Description of the task:
Below are the records. Retype exactly the lines between the lines holding "- Wk9753 Berkualitas" and "Papier Mousseline Impression", inclusive.

Records for this task:
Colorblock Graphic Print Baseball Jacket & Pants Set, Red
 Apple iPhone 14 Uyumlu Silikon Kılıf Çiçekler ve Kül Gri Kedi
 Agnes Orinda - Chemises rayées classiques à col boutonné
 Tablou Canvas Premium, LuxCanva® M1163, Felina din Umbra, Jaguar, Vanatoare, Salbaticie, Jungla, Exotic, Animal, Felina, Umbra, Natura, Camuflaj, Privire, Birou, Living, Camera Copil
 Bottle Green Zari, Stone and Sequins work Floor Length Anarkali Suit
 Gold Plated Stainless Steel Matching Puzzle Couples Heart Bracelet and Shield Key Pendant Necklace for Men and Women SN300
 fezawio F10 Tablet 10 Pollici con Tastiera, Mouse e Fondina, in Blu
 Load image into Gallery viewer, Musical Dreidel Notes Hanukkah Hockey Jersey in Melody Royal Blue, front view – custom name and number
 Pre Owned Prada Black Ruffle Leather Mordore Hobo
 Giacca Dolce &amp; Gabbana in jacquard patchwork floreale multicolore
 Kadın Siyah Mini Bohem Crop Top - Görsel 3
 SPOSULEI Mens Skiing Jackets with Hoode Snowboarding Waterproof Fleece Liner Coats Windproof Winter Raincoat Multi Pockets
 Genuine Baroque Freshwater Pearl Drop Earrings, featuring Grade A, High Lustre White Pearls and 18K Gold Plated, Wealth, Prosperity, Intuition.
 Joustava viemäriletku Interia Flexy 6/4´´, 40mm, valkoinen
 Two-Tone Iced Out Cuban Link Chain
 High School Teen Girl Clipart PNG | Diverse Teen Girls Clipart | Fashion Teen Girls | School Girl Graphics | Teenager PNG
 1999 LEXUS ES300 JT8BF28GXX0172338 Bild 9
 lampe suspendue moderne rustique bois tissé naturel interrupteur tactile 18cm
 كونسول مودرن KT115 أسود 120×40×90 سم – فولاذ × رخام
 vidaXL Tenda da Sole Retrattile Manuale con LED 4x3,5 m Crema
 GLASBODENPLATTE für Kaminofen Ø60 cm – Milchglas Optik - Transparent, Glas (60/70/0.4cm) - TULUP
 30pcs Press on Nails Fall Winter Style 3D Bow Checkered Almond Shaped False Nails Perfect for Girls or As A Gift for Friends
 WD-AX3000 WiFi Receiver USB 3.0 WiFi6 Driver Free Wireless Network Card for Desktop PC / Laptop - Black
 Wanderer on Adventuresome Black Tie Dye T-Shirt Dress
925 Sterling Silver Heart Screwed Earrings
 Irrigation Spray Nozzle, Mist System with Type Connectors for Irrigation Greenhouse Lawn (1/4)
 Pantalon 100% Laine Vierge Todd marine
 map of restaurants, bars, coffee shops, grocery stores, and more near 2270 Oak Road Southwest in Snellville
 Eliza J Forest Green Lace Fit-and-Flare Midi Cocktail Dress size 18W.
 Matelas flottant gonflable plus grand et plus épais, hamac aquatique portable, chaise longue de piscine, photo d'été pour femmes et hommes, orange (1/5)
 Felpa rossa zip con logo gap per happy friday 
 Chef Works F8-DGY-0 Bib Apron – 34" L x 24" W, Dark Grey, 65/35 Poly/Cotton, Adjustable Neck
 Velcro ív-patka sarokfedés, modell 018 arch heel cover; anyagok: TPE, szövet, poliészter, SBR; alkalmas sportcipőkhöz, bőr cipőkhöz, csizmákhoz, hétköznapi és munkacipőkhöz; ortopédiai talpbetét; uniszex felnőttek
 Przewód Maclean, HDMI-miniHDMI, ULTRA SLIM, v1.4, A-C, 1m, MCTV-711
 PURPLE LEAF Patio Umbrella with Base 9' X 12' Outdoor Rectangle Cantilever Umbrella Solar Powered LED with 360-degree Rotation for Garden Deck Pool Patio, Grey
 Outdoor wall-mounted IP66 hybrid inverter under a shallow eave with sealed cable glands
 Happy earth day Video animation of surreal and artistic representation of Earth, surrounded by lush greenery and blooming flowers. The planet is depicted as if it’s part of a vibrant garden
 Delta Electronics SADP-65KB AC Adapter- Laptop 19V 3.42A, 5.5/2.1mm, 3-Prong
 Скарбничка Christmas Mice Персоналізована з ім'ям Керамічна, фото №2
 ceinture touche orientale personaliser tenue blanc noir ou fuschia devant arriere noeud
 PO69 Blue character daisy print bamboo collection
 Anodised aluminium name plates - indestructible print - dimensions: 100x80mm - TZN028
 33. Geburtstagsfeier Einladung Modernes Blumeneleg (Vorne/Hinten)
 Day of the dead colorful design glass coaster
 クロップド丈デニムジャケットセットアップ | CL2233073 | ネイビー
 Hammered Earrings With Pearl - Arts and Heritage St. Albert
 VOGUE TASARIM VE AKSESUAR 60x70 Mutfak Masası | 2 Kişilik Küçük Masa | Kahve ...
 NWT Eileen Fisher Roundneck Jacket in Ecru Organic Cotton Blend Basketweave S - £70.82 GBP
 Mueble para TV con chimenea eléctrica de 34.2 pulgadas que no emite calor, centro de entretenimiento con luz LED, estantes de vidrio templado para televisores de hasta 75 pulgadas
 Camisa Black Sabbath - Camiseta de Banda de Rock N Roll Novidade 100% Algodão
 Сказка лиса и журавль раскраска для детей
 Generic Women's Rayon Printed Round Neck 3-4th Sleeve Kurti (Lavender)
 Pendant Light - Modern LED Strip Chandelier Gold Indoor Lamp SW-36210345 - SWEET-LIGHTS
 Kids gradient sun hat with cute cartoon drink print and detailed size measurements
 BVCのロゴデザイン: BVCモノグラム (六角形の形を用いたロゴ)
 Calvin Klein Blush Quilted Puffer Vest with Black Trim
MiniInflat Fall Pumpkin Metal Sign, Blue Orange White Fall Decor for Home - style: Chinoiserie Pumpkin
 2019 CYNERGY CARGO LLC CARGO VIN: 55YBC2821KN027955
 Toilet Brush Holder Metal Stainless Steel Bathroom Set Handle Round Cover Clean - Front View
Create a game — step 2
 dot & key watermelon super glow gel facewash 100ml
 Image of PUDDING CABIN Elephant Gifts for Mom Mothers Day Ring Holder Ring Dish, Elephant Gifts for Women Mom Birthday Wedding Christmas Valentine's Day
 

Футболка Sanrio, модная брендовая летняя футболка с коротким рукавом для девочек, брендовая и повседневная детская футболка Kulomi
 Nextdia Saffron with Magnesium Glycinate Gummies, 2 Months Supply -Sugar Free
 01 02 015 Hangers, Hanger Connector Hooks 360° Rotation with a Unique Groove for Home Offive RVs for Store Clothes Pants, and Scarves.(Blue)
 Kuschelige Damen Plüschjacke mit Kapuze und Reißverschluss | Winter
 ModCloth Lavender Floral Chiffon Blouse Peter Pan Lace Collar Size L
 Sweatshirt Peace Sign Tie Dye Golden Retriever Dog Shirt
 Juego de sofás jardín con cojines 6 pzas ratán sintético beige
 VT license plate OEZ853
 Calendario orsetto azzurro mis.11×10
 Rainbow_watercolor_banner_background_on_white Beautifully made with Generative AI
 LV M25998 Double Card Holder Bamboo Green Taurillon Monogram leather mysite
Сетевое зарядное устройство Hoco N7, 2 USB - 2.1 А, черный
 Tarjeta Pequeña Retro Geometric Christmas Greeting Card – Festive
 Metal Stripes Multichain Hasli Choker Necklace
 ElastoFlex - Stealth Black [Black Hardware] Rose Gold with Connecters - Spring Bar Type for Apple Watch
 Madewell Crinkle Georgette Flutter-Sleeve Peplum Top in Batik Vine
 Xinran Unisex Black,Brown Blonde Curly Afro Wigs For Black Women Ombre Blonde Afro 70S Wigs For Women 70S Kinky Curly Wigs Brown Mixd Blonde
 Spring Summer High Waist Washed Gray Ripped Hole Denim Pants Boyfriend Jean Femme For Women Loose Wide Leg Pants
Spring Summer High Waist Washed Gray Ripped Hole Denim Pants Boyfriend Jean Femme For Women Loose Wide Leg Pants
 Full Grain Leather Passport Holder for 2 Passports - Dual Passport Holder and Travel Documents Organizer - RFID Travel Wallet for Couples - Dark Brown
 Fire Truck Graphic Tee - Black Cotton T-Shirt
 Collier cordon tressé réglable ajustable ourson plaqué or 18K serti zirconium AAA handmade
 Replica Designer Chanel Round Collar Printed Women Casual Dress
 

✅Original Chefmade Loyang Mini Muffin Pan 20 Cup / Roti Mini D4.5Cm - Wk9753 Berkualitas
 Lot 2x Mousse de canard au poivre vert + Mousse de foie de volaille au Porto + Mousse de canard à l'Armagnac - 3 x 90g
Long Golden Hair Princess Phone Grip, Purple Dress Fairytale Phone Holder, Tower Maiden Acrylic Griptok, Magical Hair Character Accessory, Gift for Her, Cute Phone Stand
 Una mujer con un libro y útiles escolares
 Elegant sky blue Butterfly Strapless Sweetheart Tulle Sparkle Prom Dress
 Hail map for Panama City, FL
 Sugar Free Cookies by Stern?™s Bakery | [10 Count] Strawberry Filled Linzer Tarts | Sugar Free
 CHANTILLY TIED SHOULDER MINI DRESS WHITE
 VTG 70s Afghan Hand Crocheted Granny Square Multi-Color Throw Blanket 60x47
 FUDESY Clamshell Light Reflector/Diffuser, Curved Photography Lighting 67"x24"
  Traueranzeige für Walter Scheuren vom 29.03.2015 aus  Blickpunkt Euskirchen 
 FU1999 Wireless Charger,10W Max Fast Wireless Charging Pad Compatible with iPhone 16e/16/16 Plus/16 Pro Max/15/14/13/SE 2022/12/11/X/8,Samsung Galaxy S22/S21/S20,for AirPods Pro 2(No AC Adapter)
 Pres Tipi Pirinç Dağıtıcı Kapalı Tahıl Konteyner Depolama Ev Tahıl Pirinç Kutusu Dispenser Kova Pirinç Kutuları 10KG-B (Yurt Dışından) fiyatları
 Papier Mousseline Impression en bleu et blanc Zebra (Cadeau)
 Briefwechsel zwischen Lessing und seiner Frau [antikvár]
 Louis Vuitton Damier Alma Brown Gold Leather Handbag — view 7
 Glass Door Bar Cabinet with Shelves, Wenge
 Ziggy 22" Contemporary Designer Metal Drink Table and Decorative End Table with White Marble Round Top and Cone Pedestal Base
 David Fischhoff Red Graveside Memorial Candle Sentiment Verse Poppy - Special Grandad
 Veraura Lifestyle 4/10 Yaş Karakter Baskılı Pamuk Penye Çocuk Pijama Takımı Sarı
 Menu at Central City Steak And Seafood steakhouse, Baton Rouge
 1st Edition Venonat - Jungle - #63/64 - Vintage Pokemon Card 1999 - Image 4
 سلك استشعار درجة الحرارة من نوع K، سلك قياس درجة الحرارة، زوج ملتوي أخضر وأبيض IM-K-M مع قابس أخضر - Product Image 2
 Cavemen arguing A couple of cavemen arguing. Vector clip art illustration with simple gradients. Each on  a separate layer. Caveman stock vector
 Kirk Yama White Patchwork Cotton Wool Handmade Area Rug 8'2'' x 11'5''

Response for this exercise:
✅Original Chefmade Loyang Mini Muffin Pan 20 Cup / Roti Mini D4.5Cm - Wk9753 Berkualitas
 Lot 2x Mousse de canard au poivre vert + Mousse de foie de volaille au Porto + Mousse de canard à l'Armagnac - 3 x 90g
Long Golden Hair Princess Phone Grip, Purple Dress Fairytale Phone Holder, Tower Maiden Acrylic Griptok, Magical Hair Character Accessory, Gift for Her, Cute Phone Stand
 Una mujer con un libro y útiles escolares
 Elegant sky blue Butterfly Strapless Sweetheart Tulle Sparkle Prom Dress
 Hail map for Panama City, FL
 Sugar Free Cookies by Stern?™s Bakery | [10 Count] Strawberry Filled Linzer Tarts | Sugar Free
 CHANTILLY TIED SHOULDER MINI DRESS WHITE
 VTG 70s Afghan Hand Crocheted Granny Square Multi-Color Throw Blanket 60x47
 FUDESY Clamshell Light Reflector/Diffuser, Curved Photography Lighting 67"x24"
  Traueranzeige für Walter Scheuren vom 29.03.2015 aus  Blickpunkt Euskirchen 
 FU1999 Wireless Charger,10W Max Fast Wireless Charging Pad Compatible with iPhone 16e/16/16 Plus/16 Pro Max/15/14/13/SE 2022/12/11/X/8,Samsung Galaxy S22/S21/S20,for AirPods Pro 2(No AC Adapter)
 Pres Tipi Pirinç Dağıtıcı Kapalı Tahıl Konteyner Depolama Ev Tahıl Pirinç Kutusu Dispenser Kova Pirinç Kutuları 10KG-B (Yurt Dışından) fiyatları
 Papier Mousseline Impression en bleu et blanc Zebra (Cadeau)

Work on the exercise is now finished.